A Solver-in-the-Loop Framework for Improving LLMs on Answer Set Programming for Logic Puzzle Solving
Timo Pierre Schrader, Lukas Lange, Tobias Kaminski, Simon Razniewski, Annemarie Friedrich
TL;DR
This work tackles the difficulty of generating correct Answer Set Programming (ASP) code with large language models by closing the loop with an ASP solver. It introduces a solver-in-the-loop framework that (i) samples partial ASP encodings, (ii) uses solver feedback to label selections for supervised fine-tuning, and (iii) applies solver-guided best-of-N sampling at test time with a carefully designed reward to improve robustness. The approach yields consistent gains across two prompting settings and two datasets (LogicPuzzles and GridPuzzles) for multiple open-weight LLMs, including notable improvements for smaller models after SFT and for GPT-4.1-mini under inference-time guidance. A key contribution is the combination of silver-standard training data generation from solver feedback and solver-based inference to steer ASP code generation without extra human annotations, enabling more reliable domain-specific coding with LLMs.
Abstract
The rise of large language models (LLMs) has sparked interest in coding assistants. While general-purpose programming languages are well supported, generating code for domain-specific languages remains a challenging problem for LLMs. In this paper, we focus on the LLM-based generation of code for Answer Set Programming (ASP), a particularly effective approach for finding solutions to combinatorial search problems. The effectiveness of LLMs in ASP code generation is currently hindered by the limited number of examples seen during their initial pre-training phase.
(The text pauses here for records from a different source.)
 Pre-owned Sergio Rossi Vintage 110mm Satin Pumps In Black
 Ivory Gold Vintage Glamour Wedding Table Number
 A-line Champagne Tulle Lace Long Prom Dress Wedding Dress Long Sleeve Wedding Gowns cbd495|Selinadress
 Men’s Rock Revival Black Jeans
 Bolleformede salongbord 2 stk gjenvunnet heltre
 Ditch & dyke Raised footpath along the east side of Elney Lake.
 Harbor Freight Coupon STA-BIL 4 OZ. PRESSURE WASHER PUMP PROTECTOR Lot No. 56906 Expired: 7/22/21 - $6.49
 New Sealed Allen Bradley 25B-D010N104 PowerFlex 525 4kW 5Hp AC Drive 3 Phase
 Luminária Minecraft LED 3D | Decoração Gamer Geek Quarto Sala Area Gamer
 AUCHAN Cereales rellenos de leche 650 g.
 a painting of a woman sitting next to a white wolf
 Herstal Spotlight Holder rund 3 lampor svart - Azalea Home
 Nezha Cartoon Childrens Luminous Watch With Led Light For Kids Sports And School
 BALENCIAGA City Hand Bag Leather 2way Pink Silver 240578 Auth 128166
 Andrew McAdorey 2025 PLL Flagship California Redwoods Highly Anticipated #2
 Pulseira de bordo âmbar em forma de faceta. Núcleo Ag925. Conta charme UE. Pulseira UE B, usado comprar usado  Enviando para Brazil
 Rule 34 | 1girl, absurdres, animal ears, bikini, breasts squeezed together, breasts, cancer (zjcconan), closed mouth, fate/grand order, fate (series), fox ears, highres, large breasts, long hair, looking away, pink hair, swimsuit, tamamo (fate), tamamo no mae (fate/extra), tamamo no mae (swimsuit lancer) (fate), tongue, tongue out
In this paper, we introduce a novel ASP-solver-in-the-loop approach for solver-guided instruction-tuning of LLMs to addressing the highly complex semantic parsing task inherent in ASP code generation. Our method only requires problem specifications in natural language and their solutions. Specifically, we sample ASP statements for program continuations from LLMs for unriddling logic puzzles. Leveraging the special property of declarative ASP programming that partial encodings increasingly narrow down the solution space, we categorize them into chosen and rejected instances based on solver feedback. We then apply supervised fine-tuning to train LLMs on the curated data and further improve robustness using a solver-guided search that includes best-of-N sampling. Our experiments demonstrate consistent improvements in two distinct prompting settings on two datasets.